Fig. 1 is a schematic structural diagram of a coin identification device according to an embodiment of the present invention, Fig. 2 is a block diagram of a control section of the coin identification device, and Fig. 3 shows coins installed on the conveyance path of the coin identification device. FIGS. 4(A) and 4(B) are diagrams showing a method of reading the uneven pattern of the sensor; FIGS. 4(A) and 4(B) are respectively a partial configuration diagram of the RAM of the coin identification device and a diagram showing the reading line of the uneven pattern stored in this RAM; FIG. 5 is a flowchart showing the operation of the control section of the coin identification device.
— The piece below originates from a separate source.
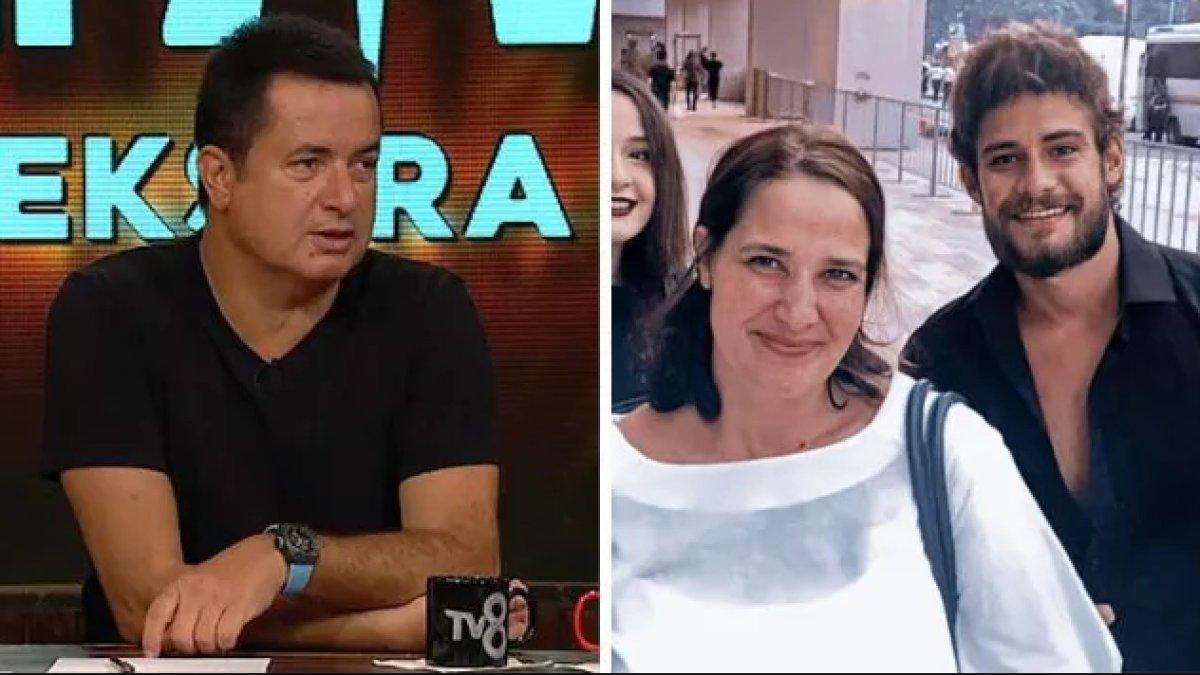 Acun Ilıcalı ve Batuhan Karacakaya mahkemelik oldu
Further, FIG. 6 is a partial configuration diagram of a coin identification device which is another embodiment of the present invention, and FIG. 7 is a diagram showing a method of reading the uneven pattern of a coin by the coin identification device which is another embodiment of the above.
FIGS. 8(A) and 8(B) are diagrams showing a partial configuration of the memory of the coin identification device according to the other embodiment and the range of the uneven pattern stored in the uneven pattern storage area of this memory. 1-coin conveyance path bottom surface, 2-sliding surface, 3-coin regulation lever, 7-coin sensor, 8-image sensor, 9-lens.

Claims (1)

[Claims] (1) In a coin identification device having a coin transport path in which coins are transported one by one along a sliding surface, a plurality of sensors for detecting irregularities of coins are arranged perpendicular to the sliding surface on the coin transport path. a pattern storage means for storing the unevenness pattern of part or all of the coin surface; and a pattern reading means for reading the unevenness pattern of a specific part of the coin surface with a sensor section including a sensor that first detected the coin being conveyed. A coin identification device comprising: an authentication device that searches the pattern storage device using the concavo-convex pattern read by the pattern reading device, and identifies the authenticity of the coin.